精神年齢9歳講師のブログ

日々を自由研究の如く生きたい。

理解しきれない他者の背景を読み取るスキルを、僕らは小説の読解問題から学んでいる。

大体どの高校入試も大学入試も、小説・物語の読解問題が出題される。その狙いについては皆様それぞれ一家言あるだろうが、僕はこう考えている。

 

曲解や決めつけ、当て推量といったやり方で、対人評価や状況の判断をするヤツをふるいに掛けるため。

 

得てして、物語文が苦手な生徒は、自分の主観を全開にしてそれを読解しがちだ。例えば、泣いているなら絶対に悲しいのである、という風に。

 

その人の価値観や背景、事情といったヒントを考慮に入れず決め打ちするタイプの人間は、実際に接していてもとてもめんどくさい。

 

そういうのを学校に入れないため、物語文は課されているのではないか。そんな風にさえ考えている。

 

だが逆に、物語文の読解をきちんと鍛えておくことで、上記のスキルが身に着く、という風に言い換えることもできる。

 

自分の理解が及ばない言動や存在に対し、その背景や事情に思い巡らせることをクセづける。結構これは応用が利く話だと感じている。

 

今日はそのスキルを、僕が実は理解できない言動・思考2つに対し、ざっくりと使ってみたというお話である。

 

 

若い女の子はなぜ踊る?

 

僕が「?」となる文化に、Tiktokのダンス動画がある。音楽に合わせて自室や教室でダンスし、その動画を大量にアップしている光景。これがなかなか腑に落ちない。

 

時には露出度を高めたり、性的にやや露骨な動作を入れるなど、一体誰に向けた何の動画なのか首を傾げてしまうものが、よくYouTubeのショート経由で流れてくる。

 

その背景には何があるのか。検索すると、Yahoo知恵袋などの邪魔が多くてイライラしたが、「なるほどねー」と思う背景をいくつか見つけることはできた。

 

まずそもそも、深い意味や哲学なんてなくて、みんなやってて面白そうとか、この恰好可愛いとか、この踊りオモロイとか、そういう軽いノリがほとんどという具合だった。

 

例えばホットパンツを履いておけばおっさんが釣れるといった思考は、いわゆるキモめのオタクの妄想とか、R-18漫画でシバかれるキャラの設定のみの話なのである。

 

それにそもそも、「みんなやってる」ことをやったり、「イイ!」と思う恰好をしたりするのは、僕ら男子だって全く同じ話である。

 

僕らにとっては、それが”ピンポン玉を何度も投げて狭い穴に入れる動画”だし、”モデルの私服をファッション誌で知って真似ること”なんだと思う。

 

そんな僕らを、女子は「なんだこいつら」と冷めた目で見ている。

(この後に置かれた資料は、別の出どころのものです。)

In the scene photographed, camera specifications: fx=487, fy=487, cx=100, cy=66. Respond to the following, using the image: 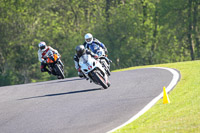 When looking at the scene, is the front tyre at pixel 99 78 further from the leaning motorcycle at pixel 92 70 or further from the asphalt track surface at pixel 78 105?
the asphalt track surface at pixel 78 105

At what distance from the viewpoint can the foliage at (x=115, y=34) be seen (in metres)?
55.0

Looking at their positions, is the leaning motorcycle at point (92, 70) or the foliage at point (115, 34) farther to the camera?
the foliage at point (115, 34)

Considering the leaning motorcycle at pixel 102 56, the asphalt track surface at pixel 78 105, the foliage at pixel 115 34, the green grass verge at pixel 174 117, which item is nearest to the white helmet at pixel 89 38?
the leaning motorcycle at pixel 102 56

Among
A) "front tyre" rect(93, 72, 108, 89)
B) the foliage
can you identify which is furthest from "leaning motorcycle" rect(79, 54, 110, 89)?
the foliage

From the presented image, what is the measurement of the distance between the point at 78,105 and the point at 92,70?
7.83 ft

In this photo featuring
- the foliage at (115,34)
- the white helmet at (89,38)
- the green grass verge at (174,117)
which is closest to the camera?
the green grass verge at (174,117)

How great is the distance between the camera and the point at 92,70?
46.5ft

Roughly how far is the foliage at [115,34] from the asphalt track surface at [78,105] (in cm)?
3804

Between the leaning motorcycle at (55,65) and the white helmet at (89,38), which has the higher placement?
the white helmet at (89,38)

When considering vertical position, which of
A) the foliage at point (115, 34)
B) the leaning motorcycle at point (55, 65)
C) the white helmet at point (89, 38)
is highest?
the white helmet at point (89, 38)

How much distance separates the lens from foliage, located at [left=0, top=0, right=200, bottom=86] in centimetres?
5503

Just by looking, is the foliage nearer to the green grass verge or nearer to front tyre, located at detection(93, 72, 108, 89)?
front tyre, located at detection(93, 72, 108, 89)

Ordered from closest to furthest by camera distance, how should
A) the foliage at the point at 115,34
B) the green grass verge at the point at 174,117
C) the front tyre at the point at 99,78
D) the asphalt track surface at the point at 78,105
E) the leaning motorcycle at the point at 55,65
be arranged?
the green grass verge at the point at 174,117 < the asphalt track surface at the point at 78,105 < the front tyre at the point at 99,78 < the leaning motorcycle at the point at 55,65 < the foliage at the point at 115,34

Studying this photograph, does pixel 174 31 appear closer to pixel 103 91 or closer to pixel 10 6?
pixel 10 6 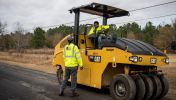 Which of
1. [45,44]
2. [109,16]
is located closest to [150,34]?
[45,44]

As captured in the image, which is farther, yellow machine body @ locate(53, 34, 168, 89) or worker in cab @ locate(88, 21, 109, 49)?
worker in cab @ locate(88, 21, 109, 49)

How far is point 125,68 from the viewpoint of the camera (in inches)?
353

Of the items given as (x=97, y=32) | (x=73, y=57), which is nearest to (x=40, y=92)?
(x=73, y=57)

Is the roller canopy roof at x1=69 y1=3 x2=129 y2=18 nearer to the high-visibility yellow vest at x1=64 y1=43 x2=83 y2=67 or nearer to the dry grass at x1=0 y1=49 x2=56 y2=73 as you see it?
the high-visibility yellow vest at x1=64 y1=43 x2=83 y2=67

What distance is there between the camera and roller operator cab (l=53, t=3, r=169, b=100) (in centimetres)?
858

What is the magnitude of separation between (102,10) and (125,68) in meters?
3.33

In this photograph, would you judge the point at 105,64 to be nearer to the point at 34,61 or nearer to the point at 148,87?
the point at 148,87

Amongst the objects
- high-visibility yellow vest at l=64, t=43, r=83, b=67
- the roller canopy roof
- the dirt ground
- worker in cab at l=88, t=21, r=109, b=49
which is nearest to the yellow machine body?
worker in cab at l=88, t=21, r=109, b=49

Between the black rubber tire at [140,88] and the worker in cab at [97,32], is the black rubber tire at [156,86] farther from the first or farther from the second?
the worker in cab at [97,32]

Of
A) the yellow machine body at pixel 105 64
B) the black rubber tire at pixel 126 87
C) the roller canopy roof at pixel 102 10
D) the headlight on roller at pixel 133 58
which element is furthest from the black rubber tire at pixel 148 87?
the roller canopy roof at pixel 102 10

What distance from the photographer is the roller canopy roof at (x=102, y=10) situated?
35.4 ft

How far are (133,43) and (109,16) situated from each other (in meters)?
3.12

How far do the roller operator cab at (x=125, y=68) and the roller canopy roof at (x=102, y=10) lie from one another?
36 mm

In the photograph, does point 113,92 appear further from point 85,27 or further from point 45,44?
point 45,44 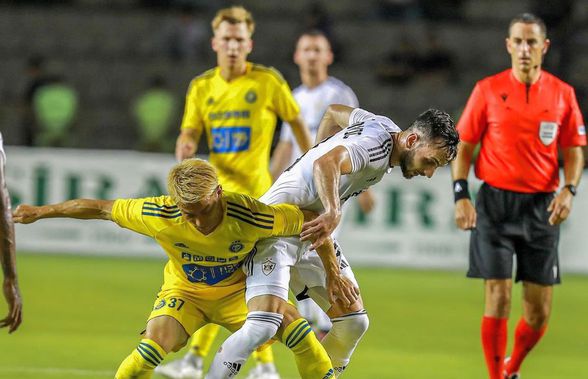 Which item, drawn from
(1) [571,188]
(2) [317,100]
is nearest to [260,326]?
Result: (1) [571,188]

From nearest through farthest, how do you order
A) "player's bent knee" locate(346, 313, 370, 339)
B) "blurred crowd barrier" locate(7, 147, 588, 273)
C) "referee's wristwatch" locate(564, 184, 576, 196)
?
"player's bent knee" locate(346, 313, 370, 339) → "referee's wristwatch" locate(564, 184, 576, 196) → "blurred crowd barrier" locate(7, 147, 588, 273)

そして踊る女子たちを「なんだこいつら」と理解できない男子がいる。構図が全く同じで笑えてくる。

 

ただし、そういう言動に深い哲学を尋ねられても困るという点では一致するだろう。そう思うと、無駄に深読みしていた自分に呆れる気持ちさえ湧いてきている。

 

楽しいから、それでいいじゃん。本当にそうだと思う。それ以上でもそれ以下でもないのである。

 

余談だが、ダンスの際の衣装はタイト気味か露出が高いのが多い印象があるが、あれは単に、自分の思った通りに筋肉や関節が動いているか確認しやすいから、らしい。

 

そこをスケベな目で見ている人ってのは、人間臭いけど、同時にちょっとキモすぎるよなと、なんか冷ややかな視点を得てしまった。

 

曲解・決めつけを止められない人の悲しい背景。

 

特にXやYouTubeのコメント欄に多いのだが、何をどうしたらその解釈になるのか、全くわからない人達がいる。

 

例えばあるYouTuber兼社長の方が資本提携を発表したところ、「身売りだ~!」「倒産だ~!」「金に走ったか~!」というアホみたいなコメントが散見された。

 

こういう残念な言葉を形容する言葉を探してみたが、「曲解」や「決めつけ」がそれに近いのではないかと思う。そしてその方向で調べていくと、ある言葉に行き当たった。

 

それは「敵意帰属バイアス」だ。昔この言葉で記事を書いたこともあるけど、回り回って再びここに辿り着いたのは、結構不思議だが納得の着地だと思う。

 

さて。まずこのバイアスの定義を改めて紹介すると、こんな感じになる。

 

皆さんは『敵意帰属バイアス』ってご存じでしょうか?少し説明します。


心理学および社会心理学の概念の一つで、他人の行動を敵意的な意図を持って行われたものと誤って解釈する傾向を指します。

 

具体的には、他人の行動をネガティブな意図を持って行われたものと受け止め、その結果、他人に対して不信感や敵意を抱くことが特徴になります。

 

このバイアスは、対人関係やコミュニケーションにおいて重要な役割を果たし、敵意帰属バイアスを持った人は、他人の行動を過度に否定的に解釈し、一般的に敵対的な意図を読み取りやすい傾向があります。

 

これにより、誤解や対立が生じ、対人関係が悪化する可能性が高まります。

eachother.me

 

そしてこのバイアスに自己肯定感の低さや、身も蓋も無いが知性の低さが絡み合うと、他者の成功≒自分を貶めるものだ!という思考、理不尽な攻撃性に成り代わる

 

余談だが、ものすごく皮肉っぽいのだが、同時にとても面白い法則に、ダニングクルーガー効果というものがある。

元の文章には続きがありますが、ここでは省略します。